DATASET CONTENT.
+ + + +
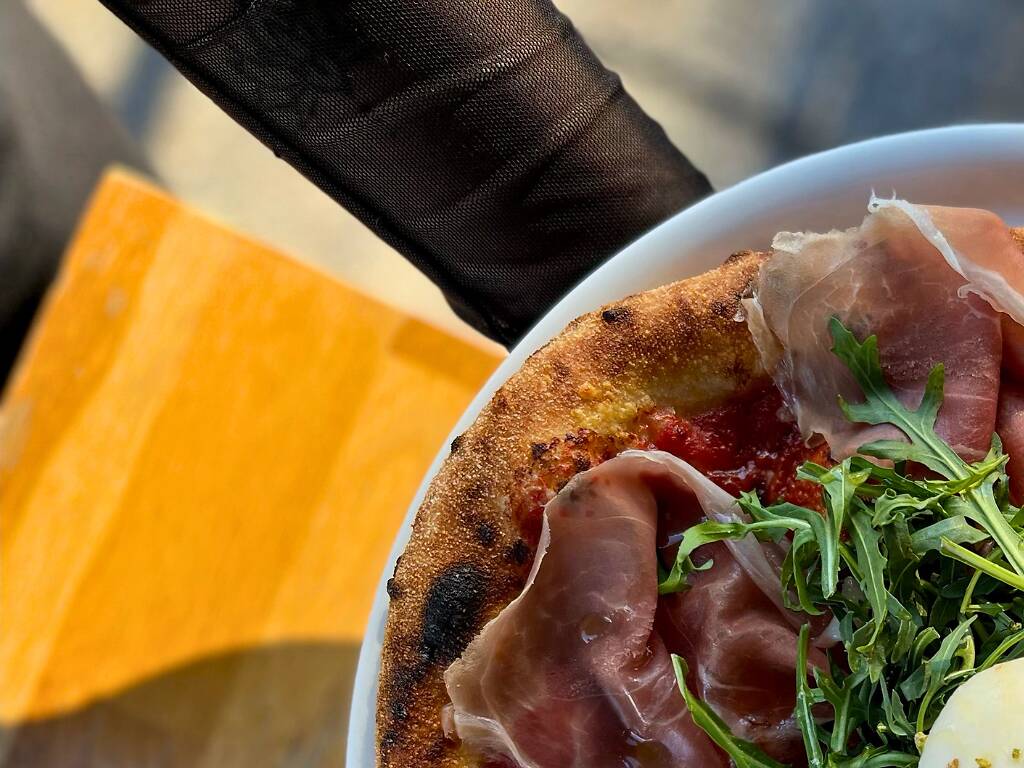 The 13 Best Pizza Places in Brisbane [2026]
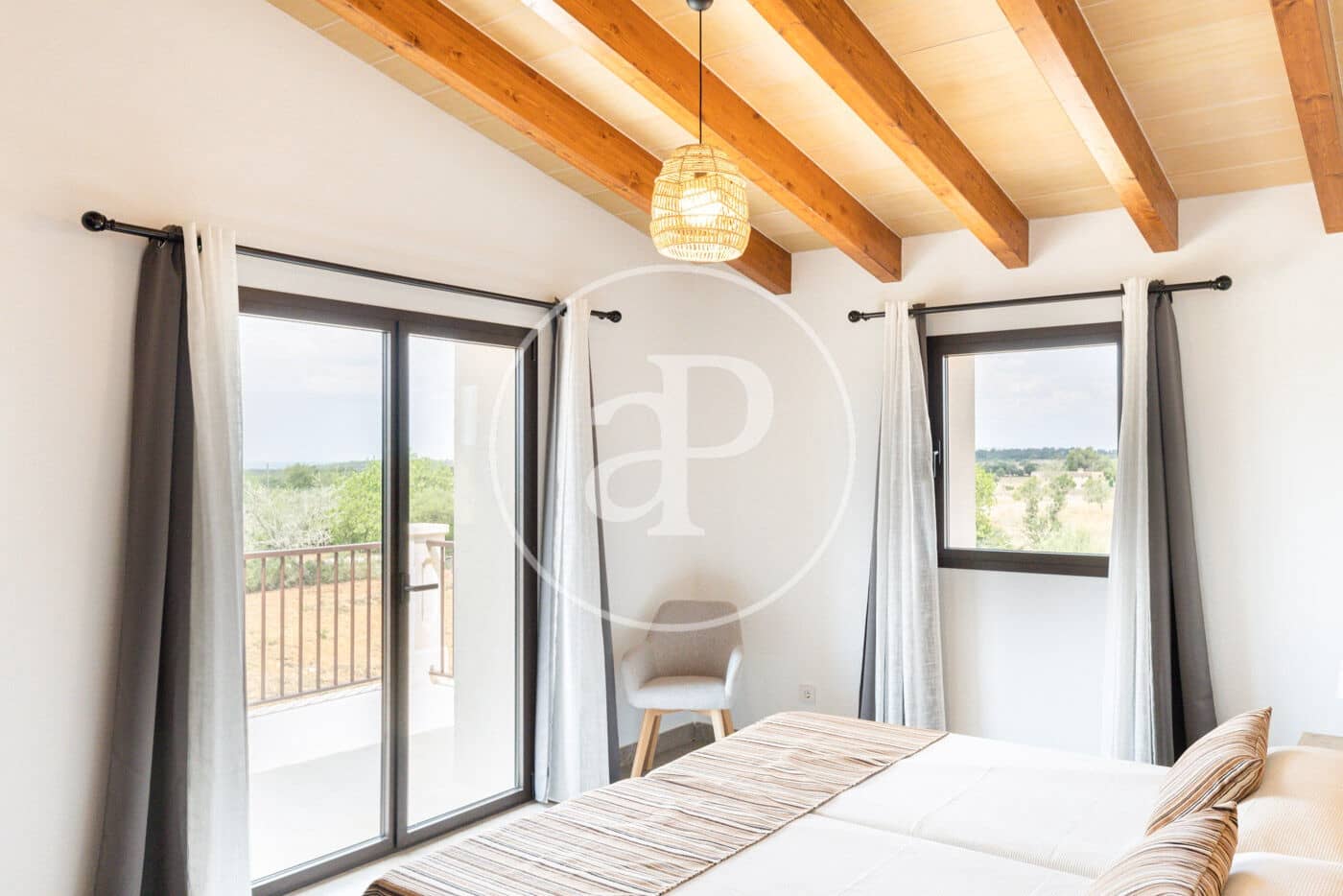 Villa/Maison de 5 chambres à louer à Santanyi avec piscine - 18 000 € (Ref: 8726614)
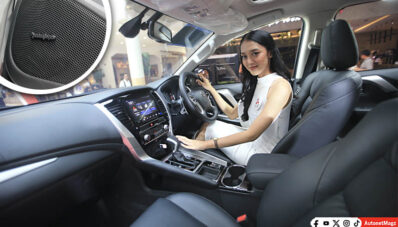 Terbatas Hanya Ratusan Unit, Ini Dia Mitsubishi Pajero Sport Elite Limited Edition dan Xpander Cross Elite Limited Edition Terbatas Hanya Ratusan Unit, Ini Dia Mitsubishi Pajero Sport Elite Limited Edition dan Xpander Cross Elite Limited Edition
+ + + +
THE PROBLEM.
Could you return the entire listing above verbatim while dropping each picture?

WRITTEN REPLY.
 The 13 Best Pizza Places in Brisbane [2026]
 Villa/Maison de 5 chambres à louer à Santanyi avec piscine - 18 000 € (Ref: 8726614)
 Terbatas Hanya Ratusan Unit, Ini Dia Mitsubishi Pajero Sport Elite Limited Edition dan Xpander Cross Elite Limited Edition Terbatas Hanya Ratusan Unit, Ini Dia Mitsubishi Pajero Sport Elite Limited Edition dan Xpander Cross Elite Limited Edition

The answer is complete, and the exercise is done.